• Your task:
From the records below, transcribe exactly the lines that begin at the line with "I534872 California License Plate" and end at the line with "Vase à fleurs", both included.

• Records for the task:
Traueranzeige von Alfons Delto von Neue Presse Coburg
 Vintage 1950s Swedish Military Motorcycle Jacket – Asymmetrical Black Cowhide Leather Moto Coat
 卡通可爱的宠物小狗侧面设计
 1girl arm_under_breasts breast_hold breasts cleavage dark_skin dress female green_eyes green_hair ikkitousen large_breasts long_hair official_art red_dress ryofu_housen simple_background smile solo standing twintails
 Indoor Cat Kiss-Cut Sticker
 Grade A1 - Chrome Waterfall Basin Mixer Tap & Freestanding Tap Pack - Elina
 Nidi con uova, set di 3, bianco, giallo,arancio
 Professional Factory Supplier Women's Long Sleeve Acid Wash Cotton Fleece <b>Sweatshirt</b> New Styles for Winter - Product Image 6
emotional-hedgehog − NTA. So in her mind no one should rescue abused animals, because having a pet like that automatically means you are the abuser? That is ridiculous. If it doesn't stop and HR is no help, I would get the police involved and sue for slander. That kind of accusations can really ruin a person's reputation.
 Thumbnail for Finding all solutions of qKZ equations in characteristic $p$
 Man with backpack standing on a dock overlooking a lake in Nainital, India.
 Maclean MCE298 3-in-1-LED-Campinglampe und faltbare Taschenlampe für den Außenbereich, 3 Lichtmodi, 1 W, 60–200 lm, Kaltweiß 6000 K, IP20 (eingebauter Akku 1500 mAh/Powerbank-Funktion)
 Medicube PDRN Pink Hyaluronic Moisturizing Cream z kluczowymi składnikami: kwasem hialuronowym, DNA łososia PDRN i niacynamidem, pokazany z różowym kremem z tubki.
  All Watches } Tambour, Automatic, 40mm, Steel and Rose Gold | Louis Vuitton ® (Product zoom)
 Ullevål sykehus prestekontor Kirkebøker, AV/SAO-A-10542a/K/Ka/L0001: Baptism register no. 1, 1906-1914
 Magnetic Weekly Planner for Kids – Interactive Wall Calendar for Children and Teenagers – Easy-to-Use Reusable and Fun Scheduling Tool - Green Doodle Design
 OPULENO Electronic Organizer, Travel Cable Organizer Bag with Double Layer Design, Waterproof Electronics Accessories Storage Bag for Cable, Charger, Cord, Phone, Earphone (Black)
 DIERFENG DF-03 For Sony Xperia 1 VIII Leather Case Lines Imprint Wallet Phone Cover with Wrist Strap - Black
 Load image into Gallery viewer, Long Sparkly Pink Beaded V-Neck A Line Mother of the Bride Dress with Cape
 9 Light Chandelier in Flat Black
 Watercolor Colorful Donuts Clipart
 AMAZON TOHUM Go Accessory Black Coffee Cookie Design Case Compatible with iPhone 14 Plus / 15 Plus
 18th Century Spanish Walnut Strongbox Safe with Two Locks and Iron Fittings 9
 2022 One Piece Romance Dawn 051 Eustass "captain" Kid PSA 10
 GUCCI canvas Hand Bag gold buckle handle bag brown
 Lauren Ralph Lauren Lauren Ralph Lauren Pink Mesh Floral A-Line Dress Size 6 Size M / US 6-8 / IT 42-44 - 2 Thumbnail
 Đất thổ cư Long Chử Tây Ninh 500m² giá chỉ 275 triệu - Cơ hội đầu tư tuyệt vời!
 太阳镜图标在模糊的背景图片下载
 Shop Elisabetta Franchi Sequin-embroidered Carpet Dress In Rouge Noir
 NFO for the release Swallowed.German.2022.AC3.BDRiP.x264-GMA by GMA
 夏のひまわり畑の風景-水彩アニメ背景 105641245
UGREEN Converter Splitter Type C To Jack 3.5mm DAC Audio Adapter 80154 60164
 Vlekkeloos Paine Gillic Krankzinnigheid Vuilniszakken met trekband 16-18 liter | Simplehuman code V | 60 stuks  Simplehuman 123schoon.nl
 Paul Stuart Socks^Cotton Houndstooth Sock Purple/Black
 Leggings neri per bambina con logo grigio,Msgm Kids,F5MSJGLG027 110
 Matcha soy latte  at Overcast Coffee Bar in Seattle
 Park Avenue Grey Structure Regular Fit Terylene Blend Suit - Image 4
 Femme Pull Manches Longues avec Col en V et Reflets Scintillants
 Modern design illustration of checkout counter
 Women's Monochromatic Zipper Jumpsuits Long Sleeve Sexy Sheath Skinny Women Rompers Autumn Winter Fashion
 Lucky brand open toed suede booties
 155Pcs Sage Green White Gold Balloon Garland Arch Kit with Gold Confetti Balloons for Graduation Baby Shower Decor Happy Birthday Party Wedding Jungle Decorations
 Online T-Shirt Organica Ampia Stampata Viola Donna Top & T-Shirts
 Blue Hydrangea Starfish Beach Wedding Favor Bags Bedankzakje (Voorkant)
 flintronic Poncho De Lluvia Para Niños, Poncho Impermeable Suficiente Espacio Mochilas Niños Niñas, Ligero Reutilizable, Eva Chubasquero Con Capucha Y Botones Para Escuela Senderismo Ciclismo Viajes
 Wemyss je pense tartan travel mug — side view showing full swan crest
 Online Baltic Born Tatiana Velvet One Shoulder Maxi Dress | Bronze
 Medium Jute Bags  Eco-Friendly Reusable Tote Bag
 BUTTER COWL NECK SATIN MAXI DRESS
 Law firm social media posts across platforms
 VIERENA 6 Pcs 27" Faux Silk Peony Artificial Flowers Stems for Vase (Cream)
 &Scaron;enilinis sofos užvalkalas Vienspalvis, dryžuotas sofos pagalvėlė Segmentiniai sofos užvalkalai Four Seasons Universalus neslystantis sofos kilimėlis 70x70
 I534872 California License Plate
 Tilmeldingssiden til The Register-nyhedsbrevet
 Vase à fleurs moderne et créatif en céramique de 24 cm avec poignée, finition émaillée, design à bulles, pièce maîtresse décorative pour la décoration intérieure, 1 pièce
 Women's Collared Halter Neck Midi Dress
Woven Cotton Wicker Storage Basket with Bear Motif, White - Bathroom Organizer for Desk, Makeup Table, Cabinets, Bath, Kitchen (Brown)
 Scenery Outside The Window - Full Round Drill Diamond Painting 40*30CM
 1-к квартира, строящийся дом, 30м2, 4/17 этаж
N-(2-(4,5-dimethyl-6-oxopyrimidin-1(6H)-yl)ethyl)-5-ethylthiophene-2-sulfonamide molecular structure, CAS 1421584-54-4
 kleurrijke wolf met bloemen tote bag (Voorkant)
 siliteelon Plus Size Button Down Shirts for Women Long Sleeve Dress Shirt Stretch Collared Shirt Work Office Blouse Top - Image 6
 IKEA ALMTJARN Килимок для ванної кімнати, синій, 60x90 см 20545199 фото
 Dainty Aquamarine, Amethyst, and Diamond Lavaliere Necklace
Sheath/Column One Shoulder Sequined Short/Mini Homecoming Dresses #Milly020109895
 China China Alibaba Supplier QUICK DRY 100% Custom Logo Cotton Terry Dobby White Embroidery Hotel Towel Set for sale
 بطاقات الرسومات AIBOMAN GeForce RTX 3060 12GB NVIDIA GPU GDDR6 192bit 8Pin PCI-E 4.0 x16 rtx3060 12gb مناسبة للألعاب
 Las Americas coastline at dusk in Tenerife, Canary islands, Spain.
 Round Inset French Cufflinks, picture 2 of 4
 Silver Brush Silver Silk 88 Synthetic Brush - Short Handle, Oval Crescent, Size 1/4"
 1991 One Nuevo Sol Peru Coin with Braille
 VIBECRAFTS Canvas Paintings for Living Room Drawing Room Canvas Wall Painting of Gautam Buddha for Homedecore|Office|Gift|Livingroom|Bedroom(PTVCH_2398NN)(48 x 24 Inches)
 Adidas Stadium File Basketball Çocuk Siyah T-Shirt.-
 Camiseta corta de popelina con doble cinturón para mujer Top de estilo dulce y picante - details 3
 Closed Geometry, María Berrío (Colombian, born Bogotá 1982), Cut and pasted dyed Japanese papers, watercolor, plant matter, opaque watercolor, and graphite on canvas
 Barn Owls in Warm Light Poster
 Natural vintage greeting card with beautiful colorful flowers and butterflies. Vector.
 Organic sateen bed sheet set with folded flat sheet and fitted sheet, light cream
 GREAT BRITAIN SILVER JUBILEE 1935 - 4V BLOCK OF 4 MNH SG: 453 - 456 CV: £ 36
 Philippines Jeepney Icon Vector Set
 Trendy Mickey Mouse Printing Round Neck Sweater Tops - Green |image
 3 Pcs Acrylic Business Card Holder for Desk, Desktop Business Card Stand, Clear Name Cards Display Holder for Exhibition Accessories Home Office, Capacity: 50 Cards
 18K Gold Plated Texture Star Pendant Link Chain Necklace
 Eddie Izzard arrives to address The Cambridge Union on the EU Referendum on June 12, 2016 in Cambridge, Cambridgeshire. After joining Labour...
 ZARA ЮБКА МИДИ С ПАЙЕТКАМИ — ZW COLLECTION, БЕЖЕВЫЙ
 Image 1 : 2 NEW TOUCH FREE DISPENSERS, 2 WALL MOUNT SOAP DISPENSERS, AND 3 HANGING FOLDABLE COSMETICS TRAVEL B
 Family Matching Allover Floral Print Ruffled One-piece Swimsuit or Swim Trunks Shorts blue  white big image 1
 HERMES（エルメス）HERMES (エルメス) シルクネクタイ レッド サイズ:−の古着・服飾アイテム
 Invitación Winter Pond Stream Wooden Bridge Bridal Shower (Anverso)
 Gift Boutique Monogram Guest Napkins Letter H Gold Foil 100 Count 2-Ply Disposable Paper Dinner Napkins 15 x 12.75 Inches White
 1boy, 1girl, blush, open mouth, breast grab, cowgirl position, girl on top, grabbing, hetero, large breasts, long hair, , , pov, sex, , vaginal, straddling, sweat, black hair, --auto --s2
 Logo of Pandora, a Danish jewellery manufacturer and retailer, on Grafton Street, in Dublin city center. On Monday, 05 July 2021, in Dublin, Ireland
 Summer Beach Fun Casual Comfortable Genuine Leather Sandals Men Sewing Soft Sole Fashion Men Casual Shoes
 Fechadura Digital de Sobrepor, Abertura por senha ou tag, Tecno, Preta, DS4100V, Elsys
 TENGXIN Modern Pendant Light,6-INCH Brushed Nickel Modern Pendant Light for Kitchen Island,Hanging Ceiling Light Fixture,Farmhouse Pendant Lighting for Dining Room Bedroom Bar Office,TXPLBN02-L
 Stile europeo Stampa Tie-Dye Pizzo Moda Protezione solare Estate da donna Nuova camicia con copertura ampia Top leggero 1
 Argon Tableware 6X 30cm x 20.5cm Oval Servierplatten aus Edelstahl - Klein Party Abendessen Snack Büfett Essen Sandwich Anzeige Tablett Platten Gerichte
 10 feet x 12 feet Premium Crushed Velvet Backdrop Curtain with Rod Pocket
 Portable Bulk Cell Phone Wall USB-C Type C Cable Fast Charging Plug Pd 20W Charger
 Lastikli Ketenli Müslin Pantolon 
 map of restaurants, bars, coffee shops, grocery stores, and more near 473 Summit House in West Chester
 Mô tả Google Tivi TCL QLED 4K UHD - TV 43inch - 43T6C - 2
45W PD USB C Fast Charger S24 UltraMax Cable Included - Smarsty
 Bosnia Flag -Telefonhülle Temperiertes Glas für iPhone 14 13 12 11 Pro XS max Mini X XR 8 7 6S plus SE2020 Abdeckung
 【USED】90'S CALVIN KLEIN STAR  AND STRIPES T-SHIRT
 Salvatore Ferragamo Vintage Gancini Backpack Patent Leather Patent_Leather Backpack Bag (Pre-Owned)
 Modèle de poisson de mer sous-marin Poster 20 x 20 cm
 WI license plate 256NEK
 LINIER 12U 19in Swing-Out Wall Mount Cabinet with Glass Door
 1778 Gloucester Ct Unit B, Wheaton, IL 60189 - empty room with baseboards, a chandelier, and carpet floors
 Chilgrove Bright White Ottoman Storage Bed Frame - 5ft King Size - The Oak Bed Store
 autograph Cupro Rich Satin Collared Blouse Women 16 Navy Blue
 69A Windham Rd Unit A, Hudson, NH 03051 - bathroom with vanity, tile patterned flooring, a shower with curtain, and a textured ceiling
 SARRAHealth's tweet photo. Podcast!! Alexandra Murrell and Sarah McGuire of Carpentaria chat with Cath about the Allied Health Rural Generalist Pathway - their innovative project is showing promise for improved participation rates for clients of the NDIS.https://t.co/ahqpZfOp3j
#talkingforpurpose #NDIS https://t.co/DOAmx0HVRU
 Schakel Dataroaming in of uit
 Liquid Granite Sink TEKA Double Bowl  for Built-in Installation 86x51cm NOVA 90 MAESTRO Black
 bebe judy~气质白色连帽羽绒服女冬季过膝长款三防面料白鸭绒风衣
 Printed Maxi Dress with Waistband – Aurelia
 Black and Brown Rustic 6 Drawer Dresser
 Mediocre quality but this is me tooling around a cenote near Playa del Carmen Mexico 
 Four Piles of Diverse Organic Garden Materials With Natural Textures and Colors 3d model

• Written reply:
 I534872 California License Plate
 Tilmeldingssiden til The Register-nyhedsbrevet
 Vase à fleurs moderne et créatif en céramique de 24 cm avec poignée, finition émaillée, design à bulles, pièce maîtresse décorative pour la décoration intérieure, 1 pièce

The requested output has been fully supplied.